In the bike world, this is close to a Specialized level of tone deafness.

Stef Schrader
Stef Schrader
23 days ago

Never tweet.

(Especially in 2025. Get the hell off that site, y’all.)

Spikersaurusrex
Spikersaurusrex
23 days ago

Wow, it sounds like AO racing and Eisink understand each other and neither has a problem with the other. Nobody here did anything wrong except the “fans” who felt they needed to be upset. I guess social media is nothing without outrage though.

JC 06Z33
JC 06Z33
21 days ago

No one did anything “wrong”. AO Racing just did something incredibly stupid from a business perspective. I’m not so much mad at what they said, but I did subconsciously shake my head when I read the tweet. The level of idiocy of this supposed PR professional shooting from the hip with that response to a fan showing some love is hard to comprehend.

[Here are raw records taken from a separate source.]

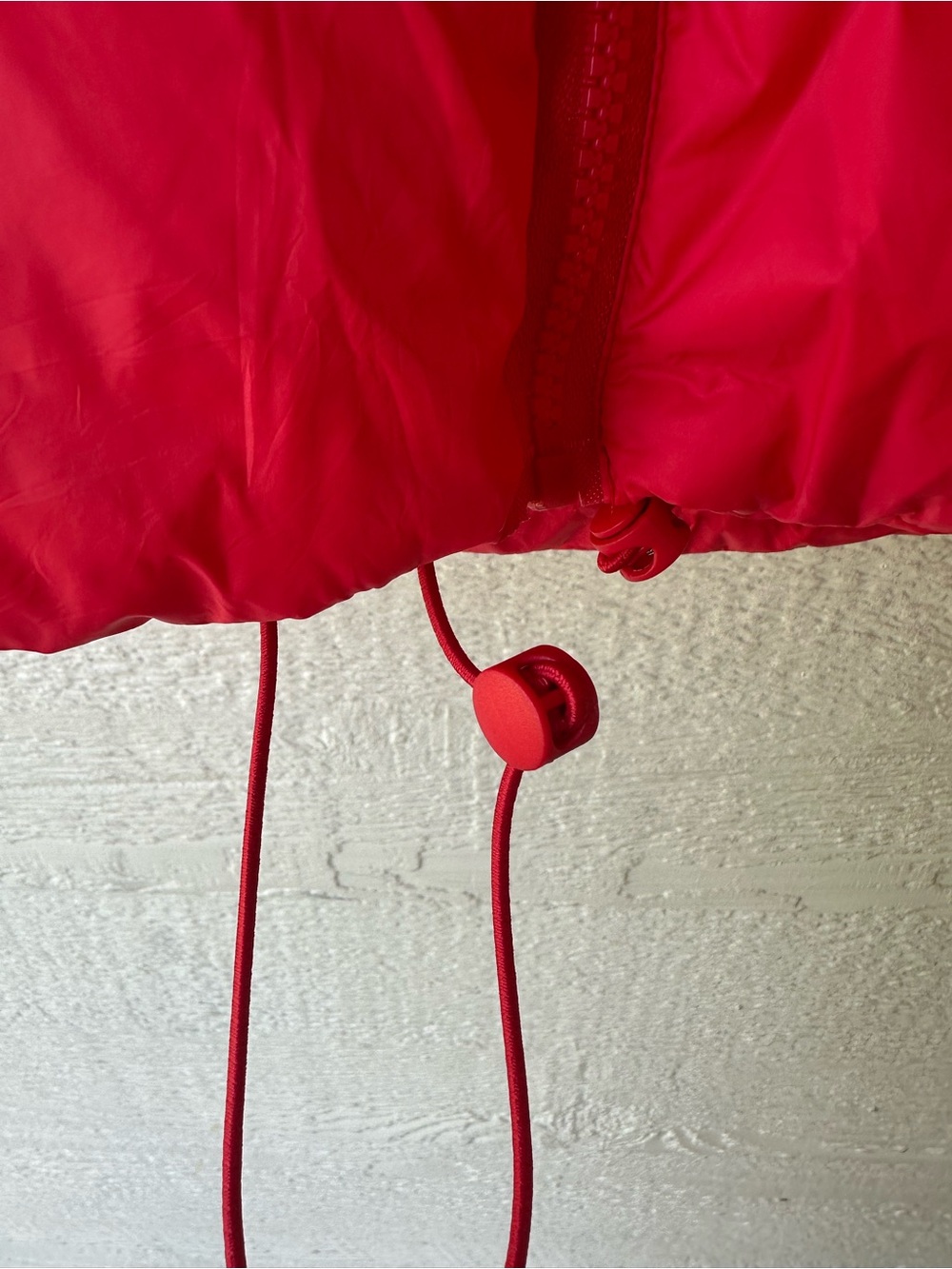 Red puffer vest - Picture 4 of 5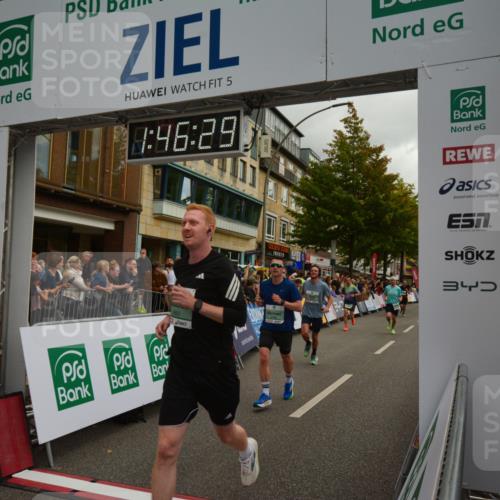 20.09.2026 - PSD Bank Halbmarathon LAZAROV Photography http://msf.ph/oto/10551068 20.09.2026 11:46:28 Ziel 1102, 1860, 2042, 2066, 2171, 2175, 2374, 2524, 2680, 2769, 2778, 2977, 3408, 3425, 3565, 3602, 3626, 4094, 4200, 4387, 4640, 4710 meine-sportfotos.de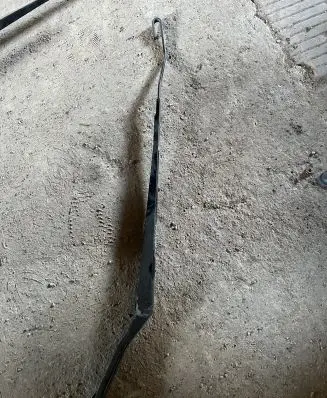 Nissan Almera Tino Front wiper blade arm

But yeah, finding something to be mad about is the internet now, so this is not at all surprising to read.

Gilbert Wham
Gilbert Wham
21 days ago
Reply to  JC 06Z33

IMO, the teeth look BETTER on her car, maybe they were jealous 😉

Spikersaurusrex
Spikersaurusrex
21 days ago
Reply to  JC 06Z33

Oh, yeah, I agree that it was a stupid thing to do, but the faux outrage isn’t warranted.

Angular Banjoes
Angular Banjoes
23 days ago

People are just desperate for things to be mad about. Social media is a goddamn cancer.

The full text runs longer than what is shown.